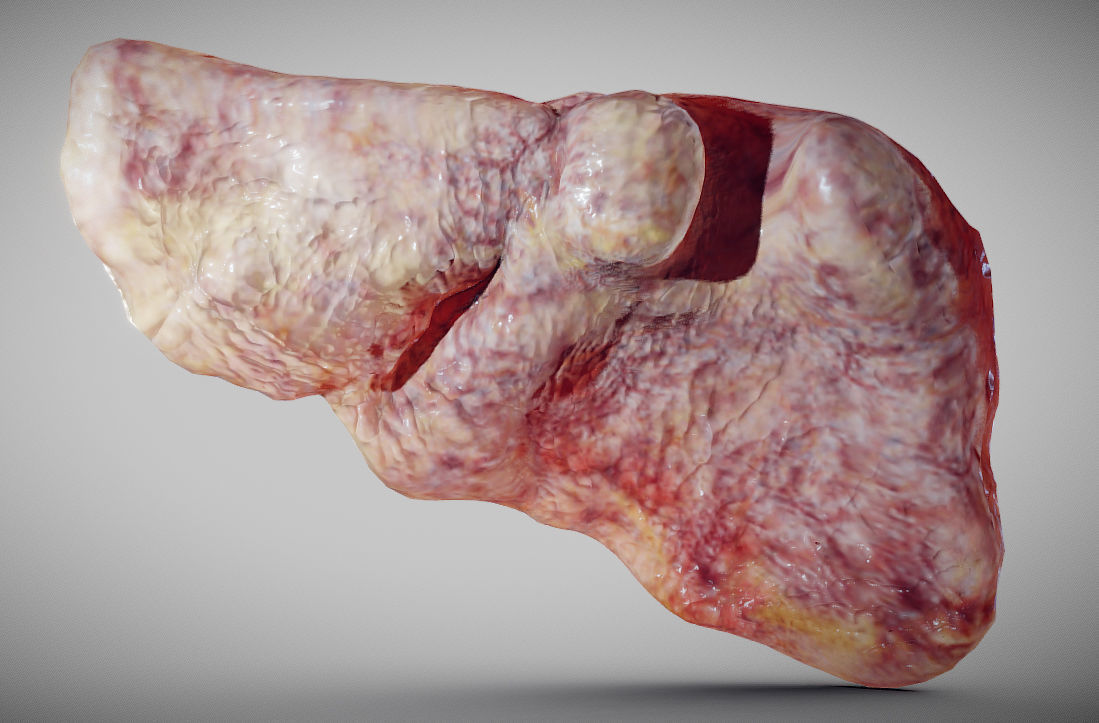 Fatty Liver Low-poly 3D model_12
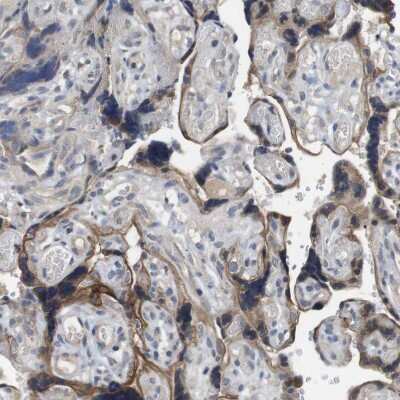 Immunohistochemistry-Paraffin: Latrophilin 3/LPHN3 Antibody [NBP1-82962]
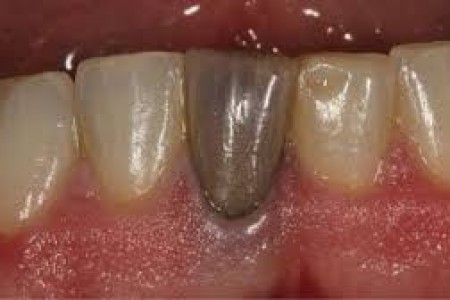 Răng chết tủy đổi màu có làm sáng được không?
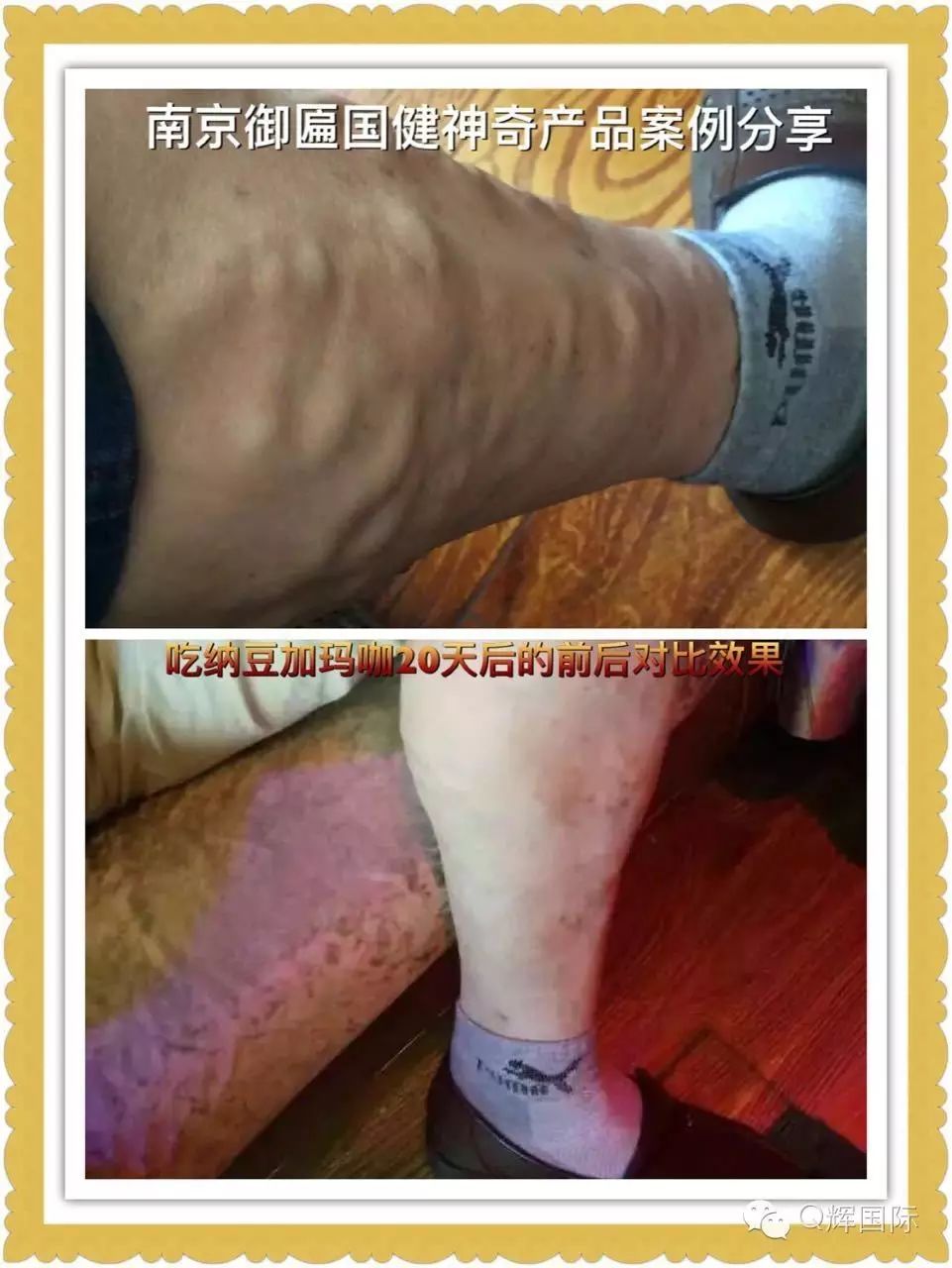 长期吃降压药缺硒怎么补(长期吃普利类降压药缺硒)-硒宝网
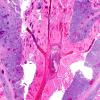 1G3 Lymphoma, intravascular (Case 1) N16 H&E 2X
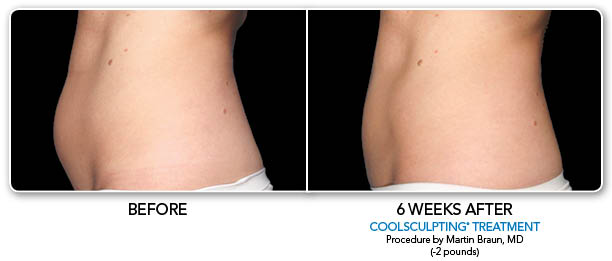 CoolSculpting Before & After Photo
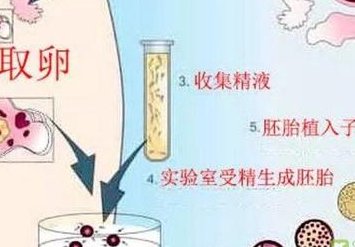 深圳试管婴儿医院排名：北京大学深圳医院排名第一？
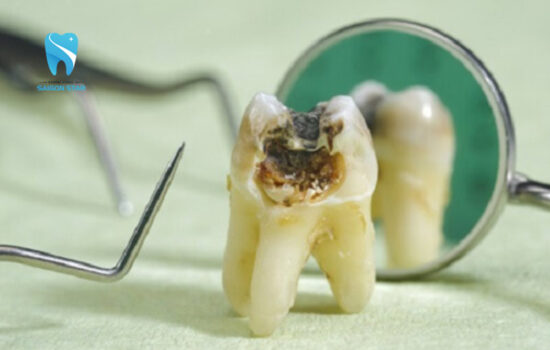 Tuỷ răng bị thối: Nguyên nhân, dấu hiệu và cách điều trị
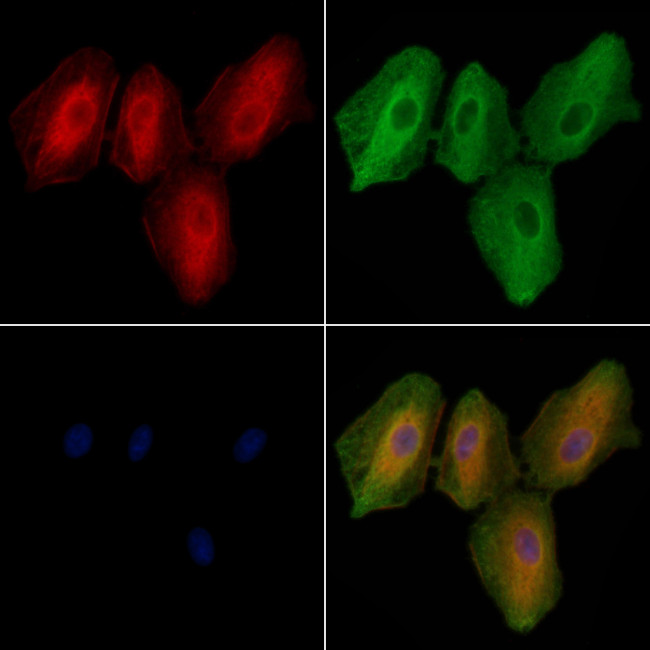 TAS2R31 Antibody in Immunocytochemistry (ICC/IF)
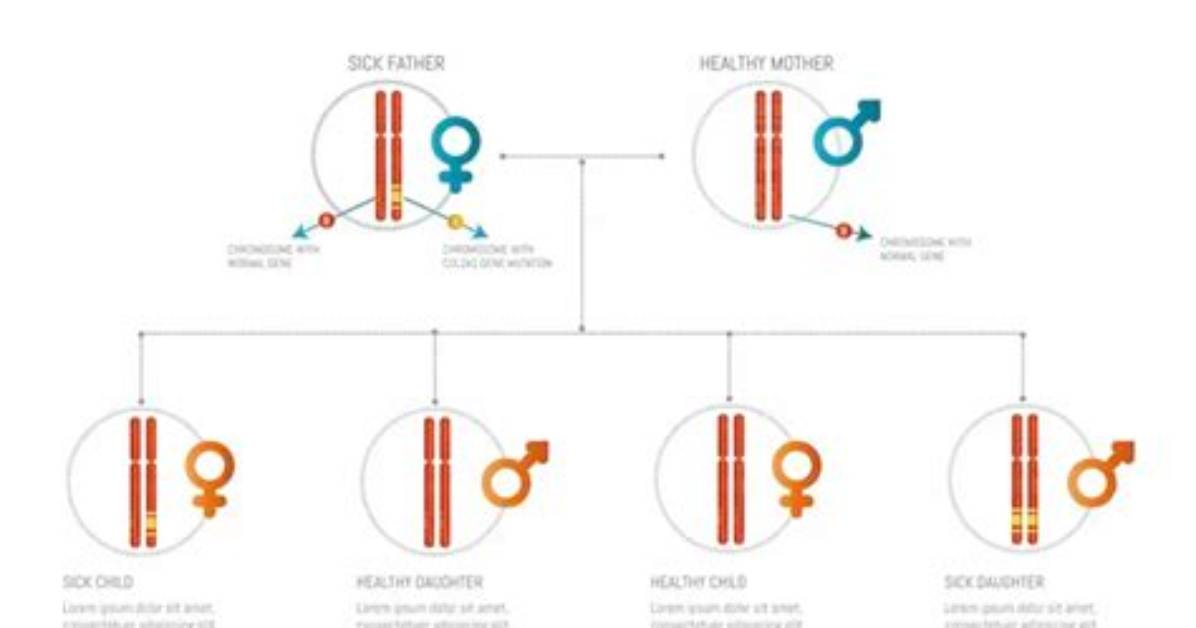 Understanding Fletcher's Syndrome: a Comprehensive Guide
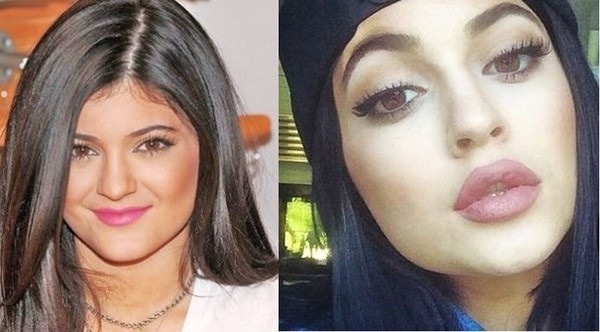 to think 'omg there's something WRONG with her FACE' when I see so many American actresses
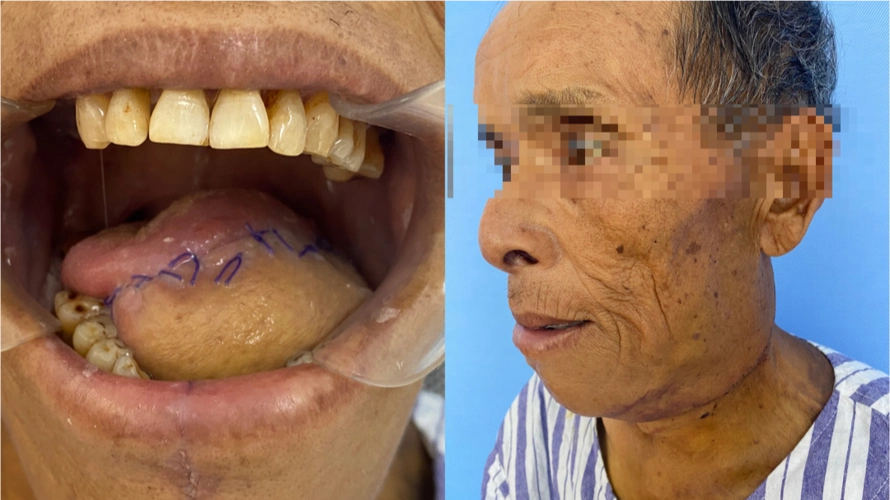 我院成功为口腔鳞癌患者切除肿瘤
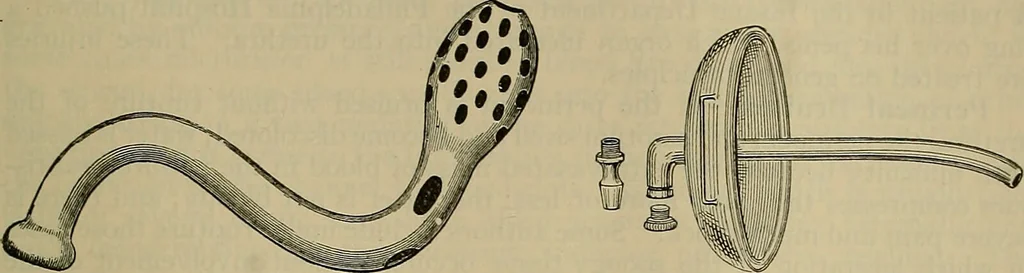 An illustration from Modern surgery, general and operative / by John Chalmers DaCosta., 1914, leaf 1385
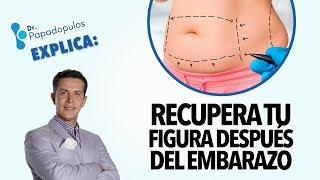 ¿Cómo recuperar la figura después del embarazo? 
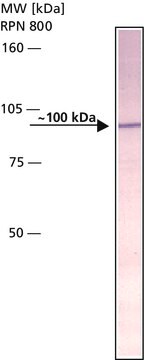 Anti-Amyloid Precursor Protein, N-Terminal antibody produced in rabbit IgG fraction of antiserum, buffered aqueous solution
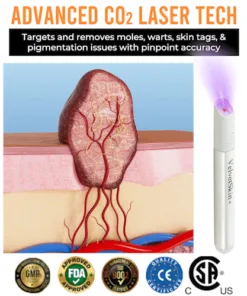 Bikenda® 𝒱𝑒𝓁𝓋𝑒𝓉𝒮𝓀𝒾𝓃+ All-in-One Laser Eraser Pen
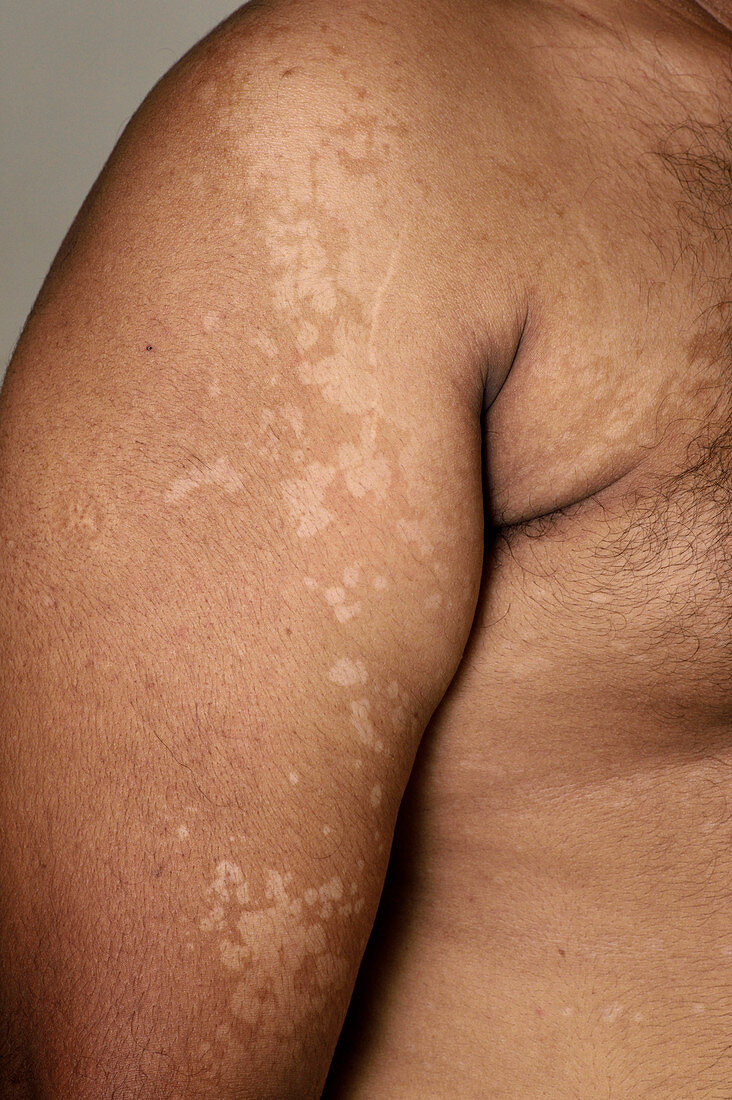 Pityriasis versicolor skin patches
+++
TRY IT → The expected output is the complete listing, word for word, without any picture.

OUTPUT →
 Fatty Liver Low-poly 3D model_12
 Immunohistochemistry-Paraffin: Latrophilin 3/LPHN3 Antibody [NBP1-82962]
 Răng chết tủy đổi màu có làm sáng được không?
 长期吃降压药缺硒怎么补(长期吃普利类降压药缺硒)-硒宝网
 1G3 Lymphoma, intravascular (Case 1) N16 H&E 2X
 CoolSculpting Before & After Photo
 深圳试管婴儿医院排名：北京大学深圳医院排名第一？
 Tuỷ răng bị thối: Nguyên nhân, dấu hiệu và cách điều trị
 TAS2R31 Antibody in Immunocytochemistry (ICC/IF)
 Understanding Fletcher's Syndrome: a Comprehensive Guide
 to think 'omg there's something WRONG with her FACE' when I see so many American actresses
 我院成功为口腔鳞癌患者切除肿瘤
 An illustration from Modern surgery, general and operative / by John Chalmers DaCosta., 1914, leaf 1385
 ¿Cómo recuperar la figura después del embarazo? 
 Anti-Amyloid Precursor Protein, N-Terminal antibody produced in rabbit IgG fraction of antiserum, buffered aqueous solution
 Bikenda® 𝒱𝑒𝓁𝓋𝑒𝓉𝒮𝓀𝒾𝓃+ All-in-One Laser Eraser Pen
 Pityriasis versicolor skin patches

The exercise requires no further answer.